It's not as easy as people think when their wife has an emotional affair. Trust me, my husband is still struggling over it. I had an emotional affair with lots of i love you texts and hubby and I are 4 months later in MC and he triggers like crazy. Work on what needs to be different in your marriage, also boundries are very important, make sure she gives you all her passwords and lets you check everything she is doing on phone and computer. I hope you two can work this out, it's hard but we are not giving up. My thread is under private section called ups and downs..my hubby's name is Calvin if u ever wanna talk to him. I am so sorry you are going thru this.
_Posted via Mobile Device_


----------



## tm84

19 days or not, your wife did betray your trust and began an EA with another man. A huge boundary was crossed and done RIGHT IN FRONT OF YOU! Obviously there is something missing in your marriage from your wife's point of view and she began looking elsewhere to fill that void. 

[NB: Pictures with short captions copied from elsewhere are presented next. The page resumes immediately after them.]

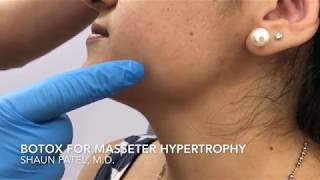 Botox treatment of the masseter muscle by Dr Shaun Patel in Miami Florida [upl. by Namqul521]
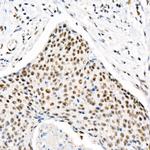Phospho-Chk2 (Thr68) Antibody in Immunohistochemistry (Paraffin) (IHC (P))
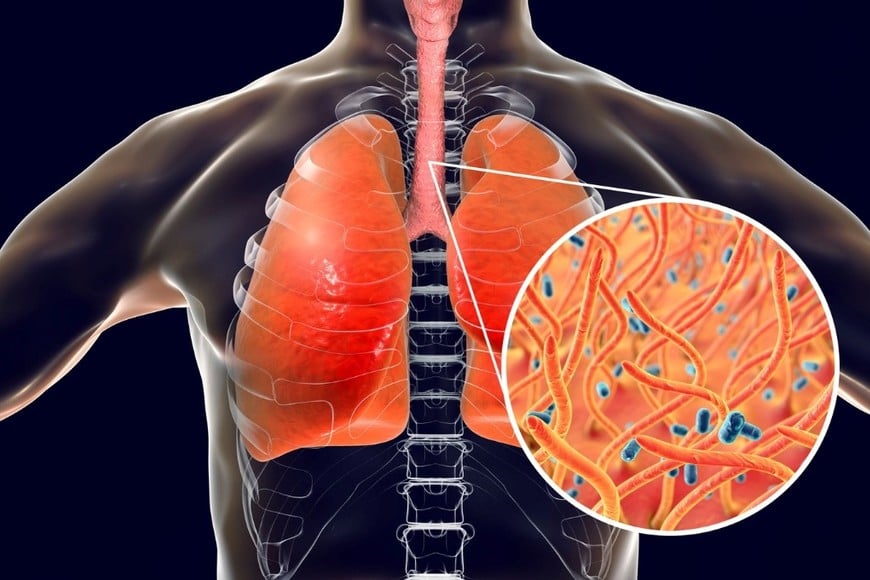 El reporte remarcó que la vacunación continúa siendo la principal medida de prevención.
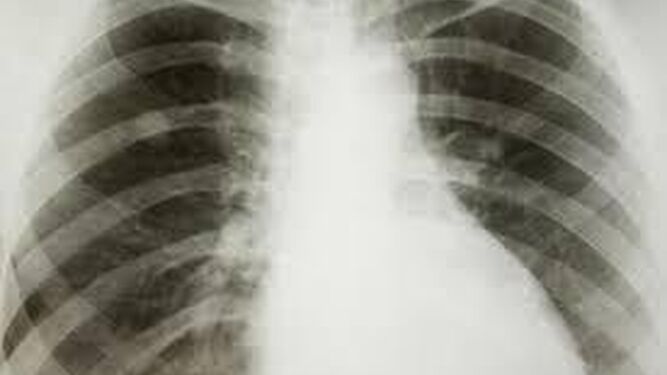 Radiografía a un cáncer de pulmón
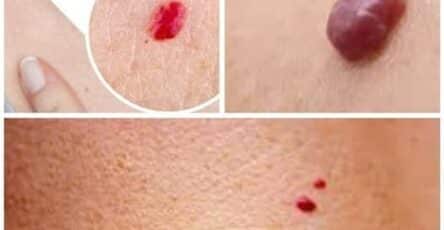 punti rossi pelle significato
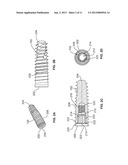 Dental Implant and Abutment Tools diagram and image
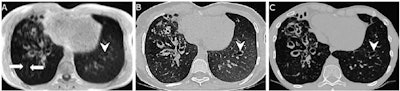 Example images of the lung in a 21-year-old male patient with cystic fibrosis from the external validation data set. (A) Scan acquired with lung MRI with ultrashort echo time (UTE) shows motion artifacts on the right side (arrows). These artifacts were not observed on (B) the synthetic CT image generated by artificial intelligence from the UTE MRI scan, and the rest of the reconstructed image was not affected. Bronchiectasis of the left lower lobe (arrowhead) was visually missed at UTE MRI, leading to a false-negative depiction of bronchiectasis, but it is clearer on the synthetic CT scan and confirmed on the (C) corresponding real CT scan. Images and caption courtesy of the RSNA.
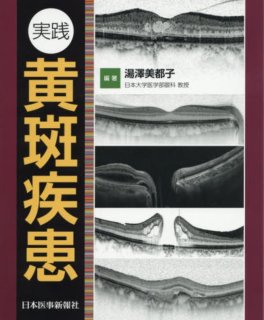 加齢黄斑変性 第2版 - 眼科専門書店 オー・ビー・エス online shop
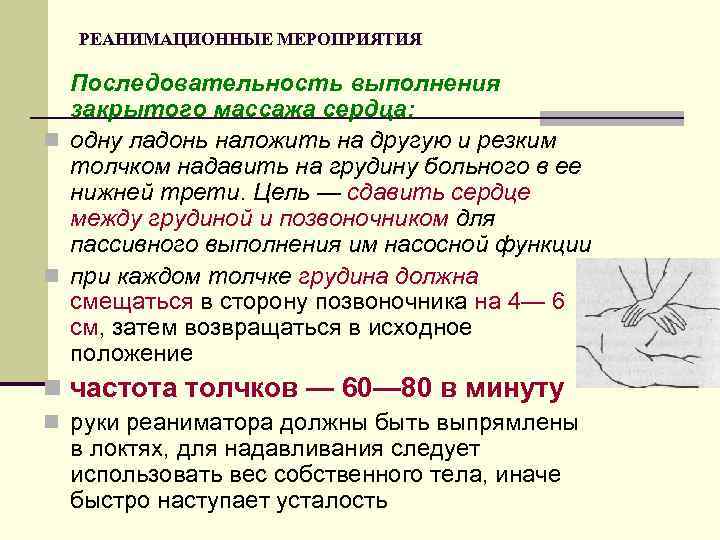 РЕАНИМАЦИОННЫЕ МЕРОПРИЯТИЯ Последовательность выполнения закрытого массажа сердца: n одну ладонь наложить на другую и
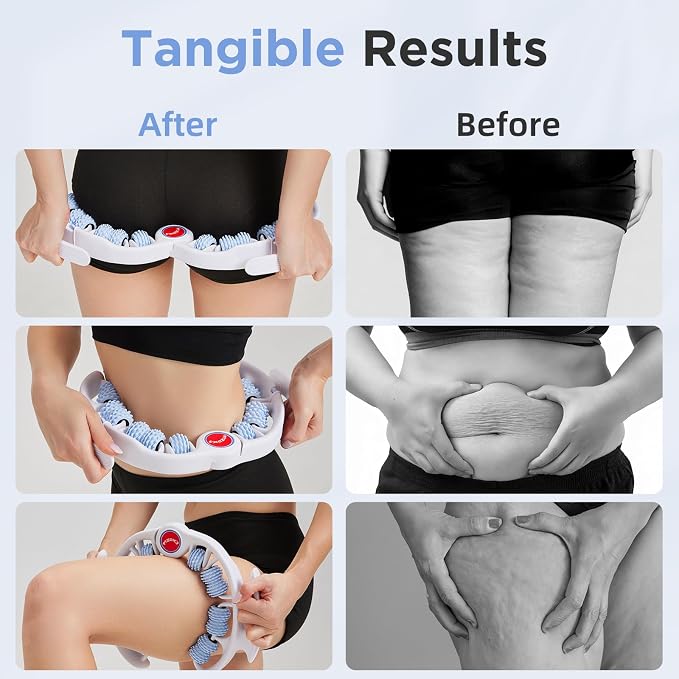 Cellulite Massage Tool - Image 2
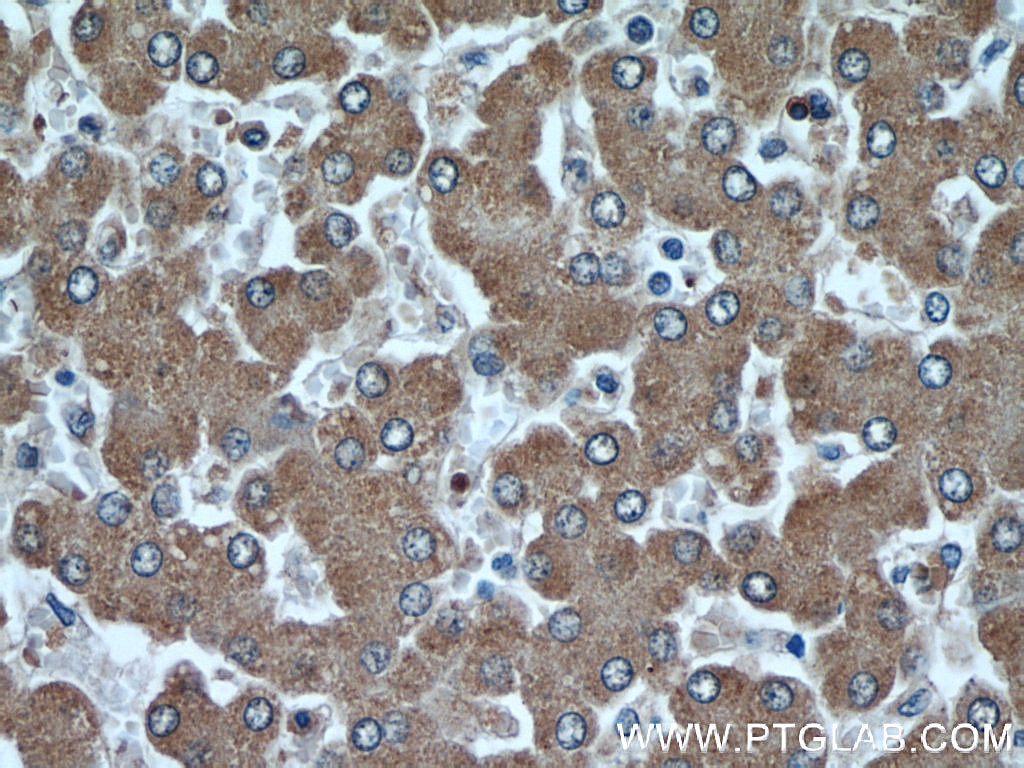 AHSG IHC Immunohistochemical 66094-1-Ig AHSG Antibody A2HS; AHS; FETUA; HSGA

You still need to verify that there is ongoing non-contact because it could have still been taken underground. Also, at the very least, you should seek some kind of counseling, individual or marriage, to help you deal with the feelings you're experiencing.


----------



## chillymorn

try to be forgiving as much as you can and start snooping.

there have be more than a few stories where some husband comes on here and says the same thing it was only texting.

and some people on here will tell him make sure it wasn't physical and he knows for sure it was only texting bla,bla,bla.

and then after a while he comes back and says OH MY GOD you guys were right.

19 days of texting.......when i was looking for women I would have banged her by now!

hey maybe your right but I think maybe your starting to wonder and thats why you can't get past it.

If it were me I have to know and after reading some of the stories on here the only way or the best way is to act like everything is cool and start snooping... key loggers voice recorder whatever.

I hope I'm wrong and try to forgive but you can snoop alittle also!


----------



## canttrustu

Emotional affairs can wreck a marriage. It destroys trust. Sending naked pics is cheating-outright. No question. Do not just "let this go" You must be sure its over. Just b/c she says so doesnt make it so. Trust but verify.

Good luck and Im sorry youre here.


----------



## bandit.45

lamaga said:


> @Bandit, fine. Acknowledged. He still needs to concentrate on fixing his own marriage.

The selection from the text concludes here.